Position change gets LSU's Eric Reid on NFL track

Posted Feb. 19, 2013 @ 6:33 p.m.
Posted By Bob Bajek

Playing football or safety weren’t the initial goals for LSU FS Eric Reid, the top safety in the upcoming draft.

In middle school, Reid excelled at soccer and thought that was his thing. A very talented college player, however, changed his mind.

“It’s a funny story,” Reid laughed. “I was very good at soccer. But by my eighth grade year, that’s when Reggie Bush led USC. Originally, I wanted to be like Reggie Bush. He’s the guy who made me want to play football.”

The 6-2, 210-pound Reid arrived at Dutchtown High School (Geismar, La.) as a freshman running back and safety, though he wanted to be the offensive star.  Another talented player changed his future.

“Alabama’s Eddie Lacy was the star running back at my high school,” Reid said. “I knew that position wasn’t going to work for me, so that’s why I switched to safety.”

And that switch proved to be very beneficial. Reid stood out in a star-studded LSU defense the past three seasons, gaining national notice when he pulled down an acrobatic, goal line interception in the fourth quarter against No. 2 Alabama on Nov. 5, 2011.

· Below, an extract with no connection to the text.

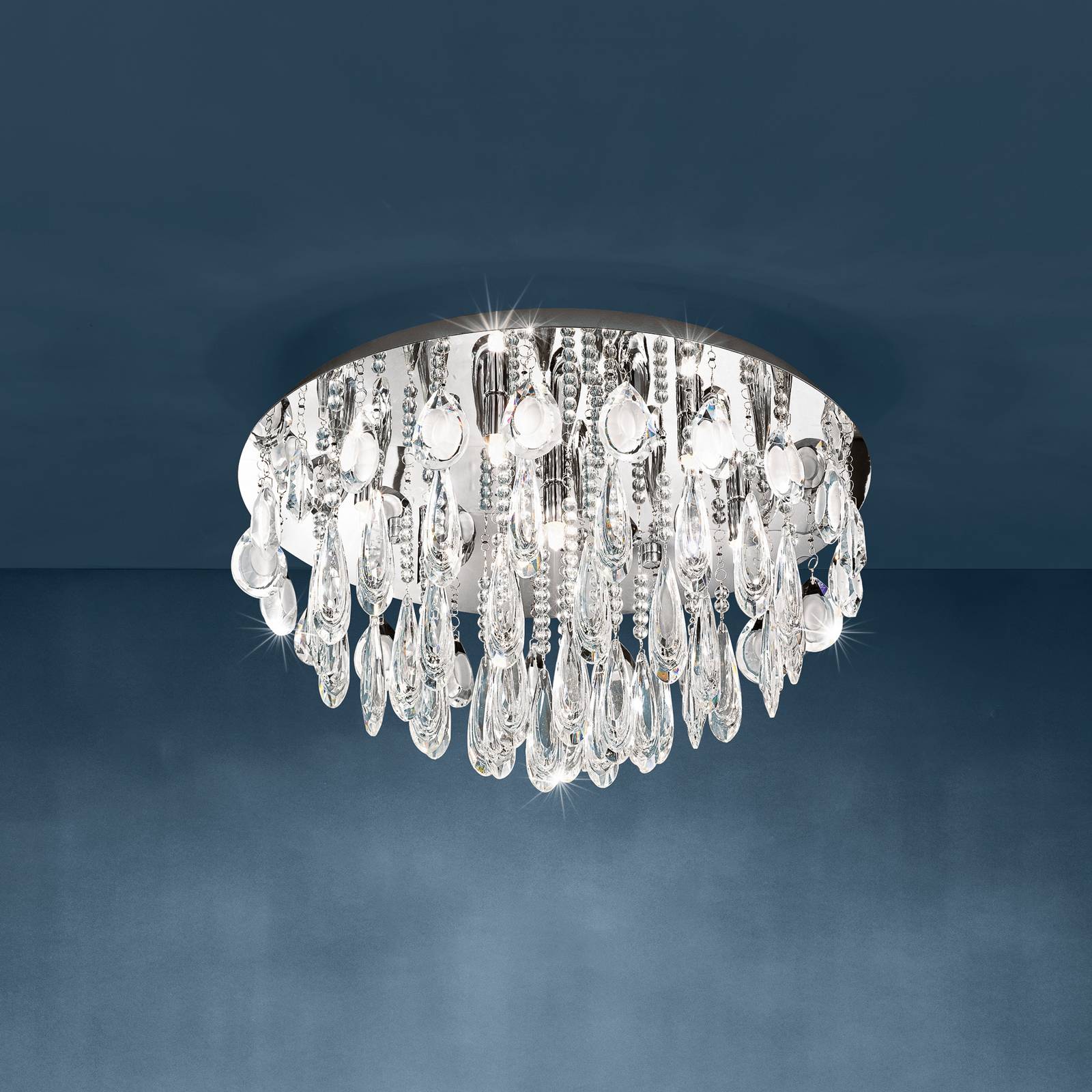 Stars of Light taklampa Calaonda, 58 x 31 cm, krom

He amassed an impressive 76 tackles and two interceptions in 2011, gaining second-team All-SEC honors. Reid had an even better 2012 campaign, with 91 tackles, seven passes defended and two interceptions to make first-team All-American. 

A partial right quad tear during Reid’s sophomore year was reaggravated in 2012, though he played through it. “It’s completely healthy now and not a problem,” he said.  

The 21-year-old Louisiana native played his first two seasons with Cardinals CB Patrick Peterson, Cowboys CB Morris Claiborne and All-American CB Tyrann Mathieu, but he had to adjust to being the leader without their presence his junior year.

“I think it was better for him this year by not having those types of guys around him,” LSU defensive backs coach Tiger Raymond said. “It put him in the front to not just be another guy. Now he had to talk more to the younger guys and be a leader. That was one of the things that helped him become a leader in the backfield with so many freshmen playing.”

Raymond — who stayed with Reid’s father, Eric Sr., in the same LSU dorm and replaced Ron Cooper as DB coach this year — said Reid is a polished player scheme-wise, but he wanted to better his footwork, develop his leadership qualities and his pre-game preparedness. 

“He can cover the slot,” Raymond said. “He’s done some nice things there for a safety. He can do multiple things. He could come into the box, make tackles, and then play in space against receivers.

“The great thing about him is the way he approaches the game. He is going to be NFL-ready. He is going to be like a veteran with the things we worked on this year.”

Raymond, who thinks Reid’s game resembles that of 49ers All-Pro safety Dashon Goldson, said his talented pupil could be the face of an NFL franchise because “he does everything right on and off the field and always looks to improve himself.”

As for Reid, he is training with 40 other NFL prospects — including Notre Dame’s Tyler Eifert and Manti Te’o, and Lacy. Reid added he’s developed a close bond with Eifert during their training as they work on safety-tight end coverage drills at half-speed, and they have even taken in a recent Miami Heat-Los Angeles Lakers game together.

One area of Reid’s game that needs improvement is covering wide receivers without checking downfield.

“The huge thing, especially for DBs in their transition to the NFL, is that it’s not like college anymore,” Reid said. “You can’t bang a receiver all the way down the field. You only have a five-yard cushion. I’m looking to improve upon my coverage without touching receivers."

Football doesn’t solely rule Reid’s life, as he is a devoted father to his precious three-year-old daughter, LeiLani, who knows it’s daddy on the TV by his number. He also wants to someday complete his business marketing degree (his parents emphasized education being vital to success throughout his childhood) and help his former teachers in his hometown whenever he can. Down the line, Reid wants to start a nonprofit organization.

“Having a child so young, it definitely changes your motives,” Reid thoughtfully stated. “When she was born, I had to grow up. I knew I had to stay focused and provide for my daughter; she is the reason that I do everything that I do.”